__Task inputs__
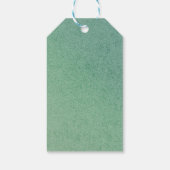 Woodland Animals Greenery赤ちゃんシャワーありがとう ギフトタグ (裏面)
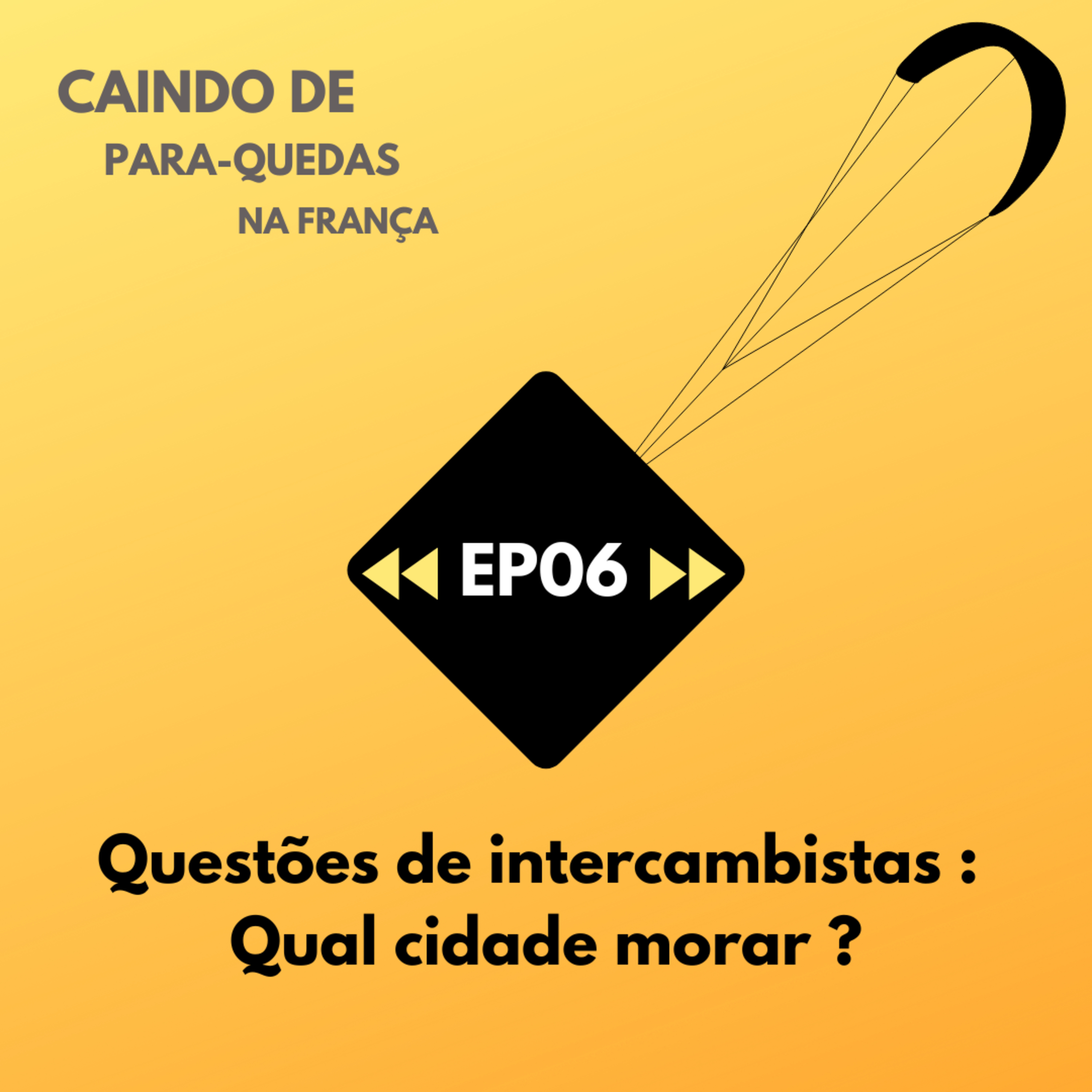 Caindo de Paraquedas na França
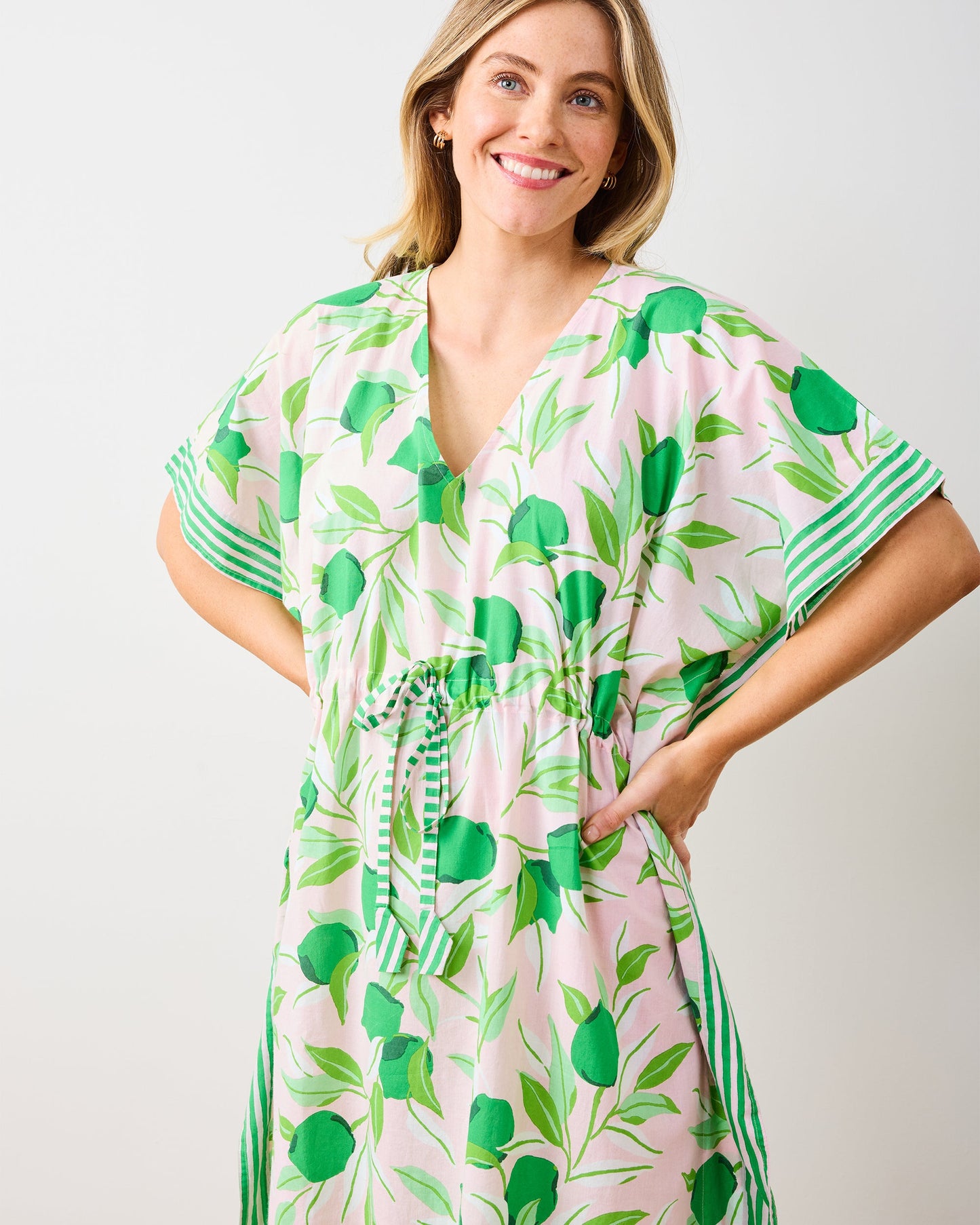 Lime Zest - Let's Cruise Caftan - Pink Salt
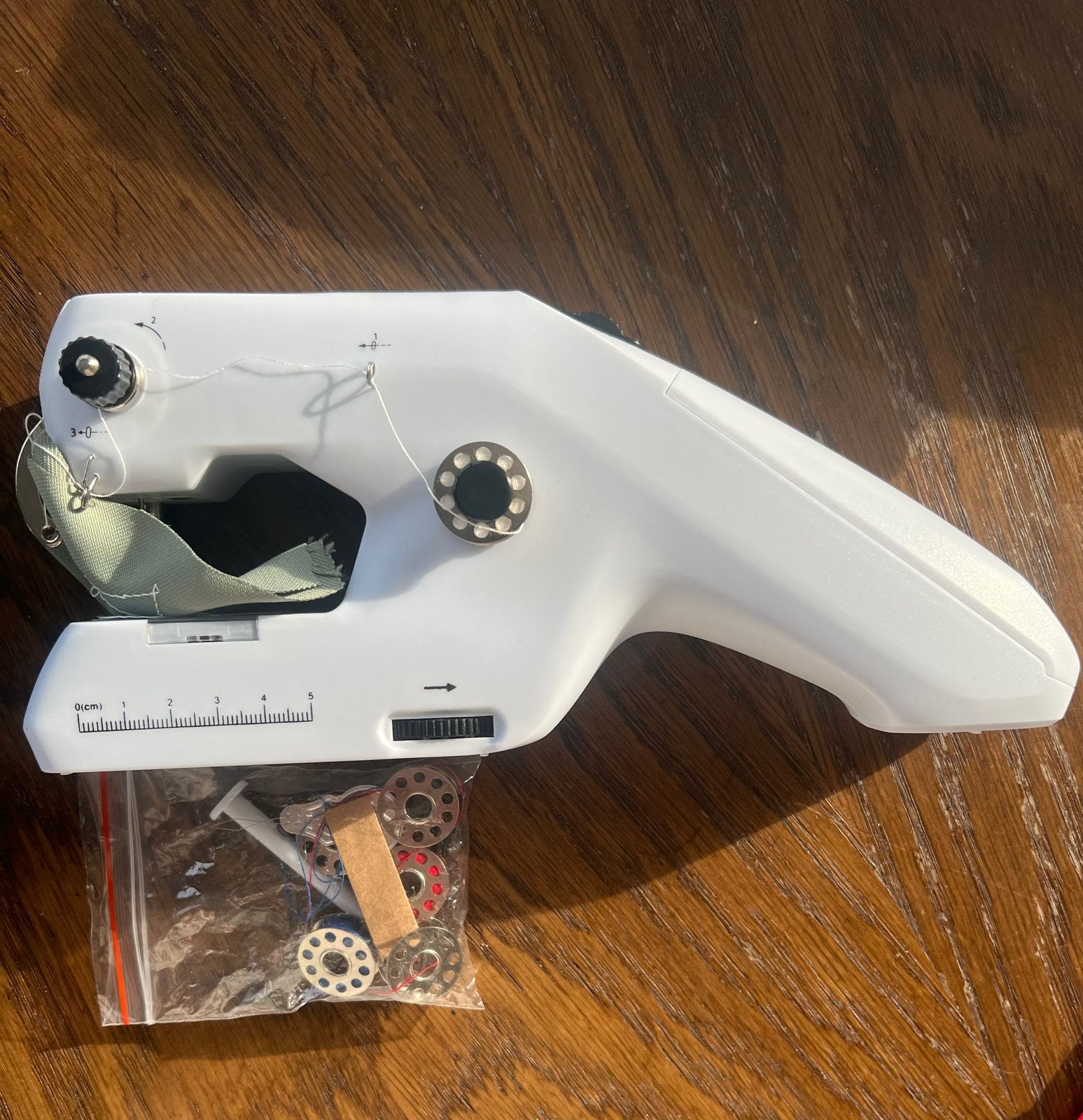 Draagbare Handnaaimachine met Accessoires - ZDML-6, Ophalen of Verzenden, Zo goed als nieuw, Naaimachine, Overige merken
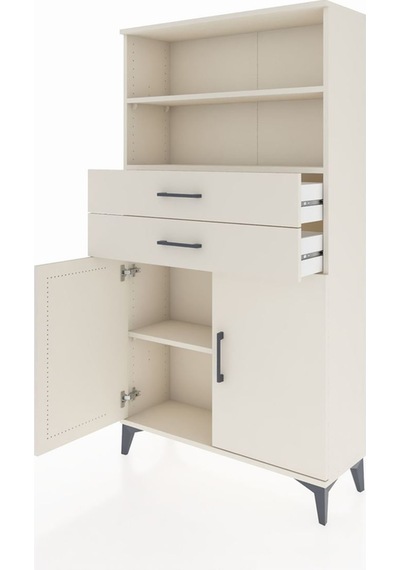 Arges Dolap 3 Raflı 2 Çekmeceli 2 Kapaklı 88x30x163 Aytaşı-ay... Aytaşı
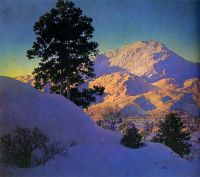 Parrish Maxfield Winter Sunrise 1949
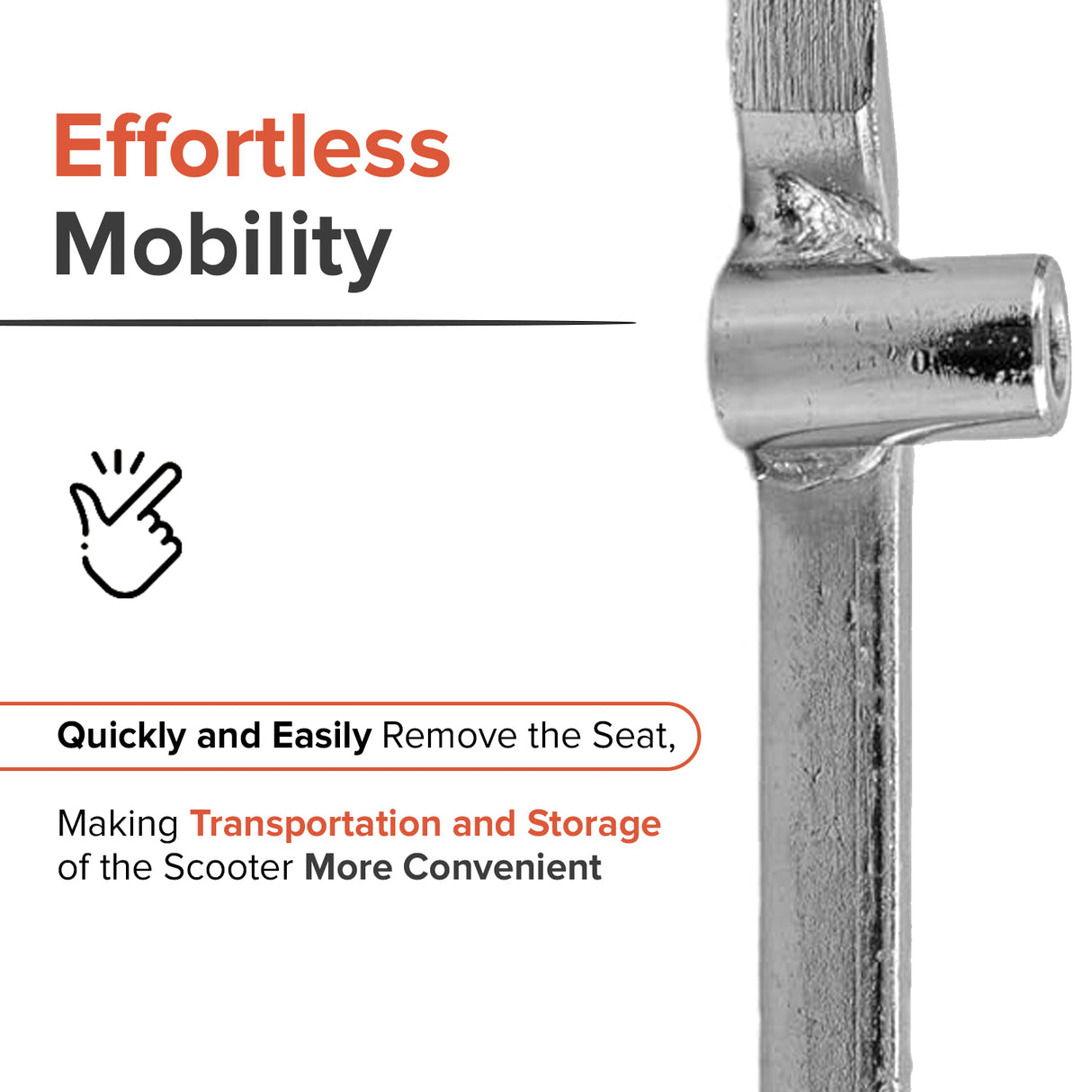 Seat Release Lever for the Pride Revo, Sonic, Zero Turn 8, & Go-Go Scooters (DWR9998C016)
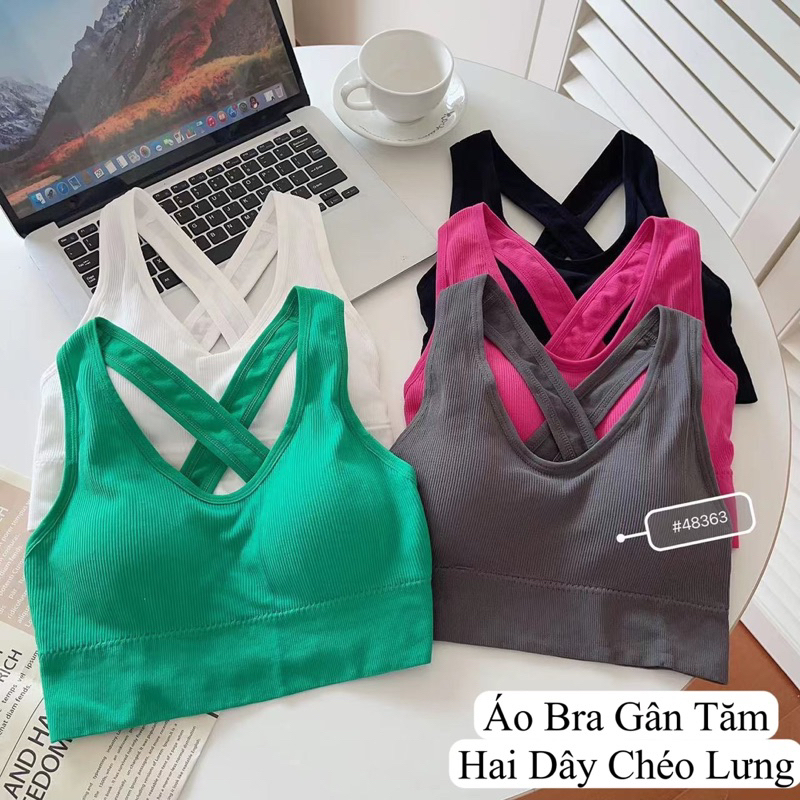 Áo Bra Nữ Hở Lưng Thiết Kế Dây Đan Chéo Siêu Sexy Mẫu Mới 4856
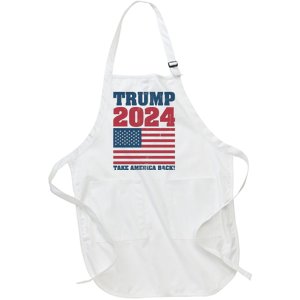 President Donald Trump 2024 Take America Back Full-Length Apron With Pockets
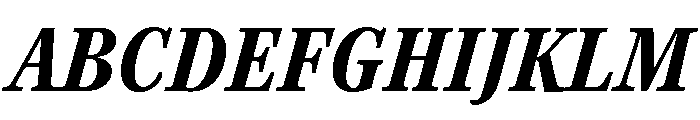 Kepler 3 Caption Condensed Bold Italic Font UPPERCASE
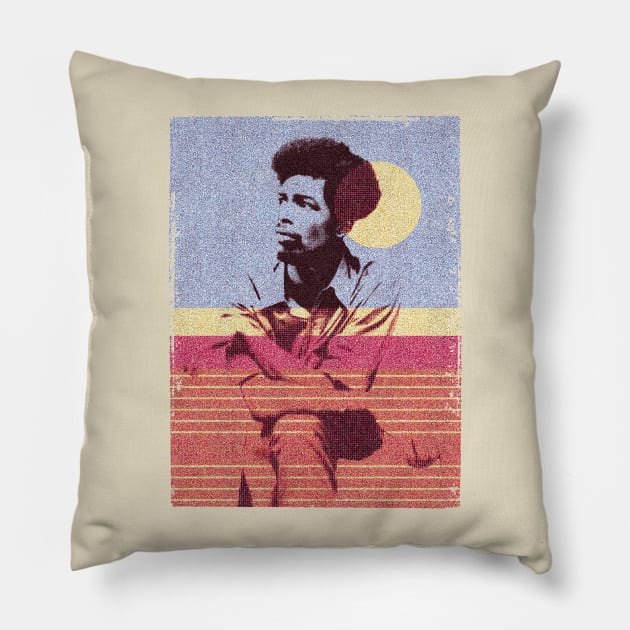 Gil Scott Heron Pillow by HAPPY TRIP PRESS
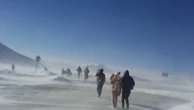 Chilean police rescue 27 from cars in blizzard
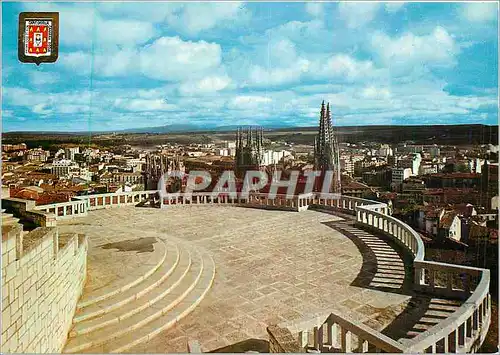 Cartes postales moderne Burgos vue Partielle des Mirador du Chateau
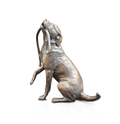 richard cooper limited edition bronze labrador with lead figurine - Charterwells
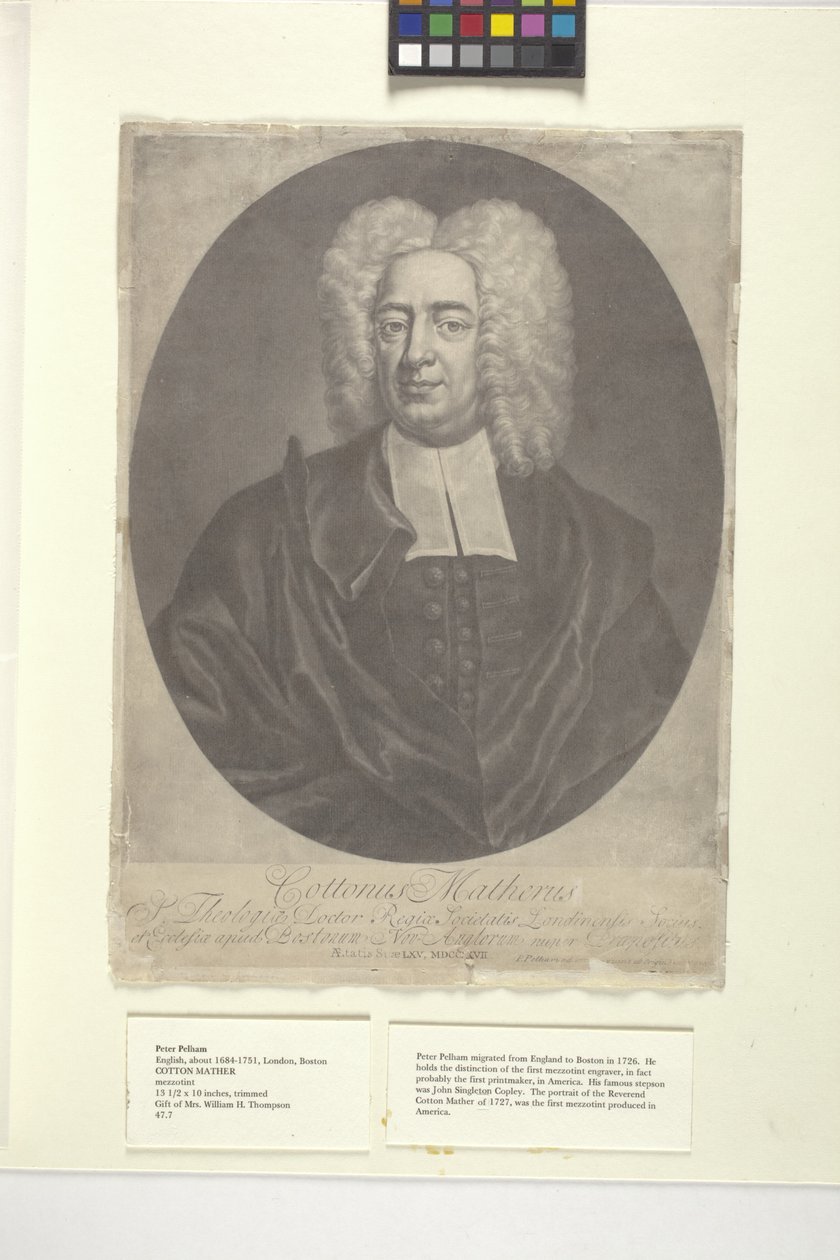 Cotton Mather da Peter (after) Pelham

__What you have to do__
Nothing but the lines from the one holding "Chilean police rescue" through the final line of the entries should be retyped, exactly as they stand and without pictures.

__Completed task__
 Chilean police rescue 27 from cars in blizzard
 Cartes postales moderne Burgos vue Partielle des Mirador du Chateau
 richard cooper limited edition bronze labrador with lead figurine - Charterwells
 Cotton Mather da Peter (after) Pelham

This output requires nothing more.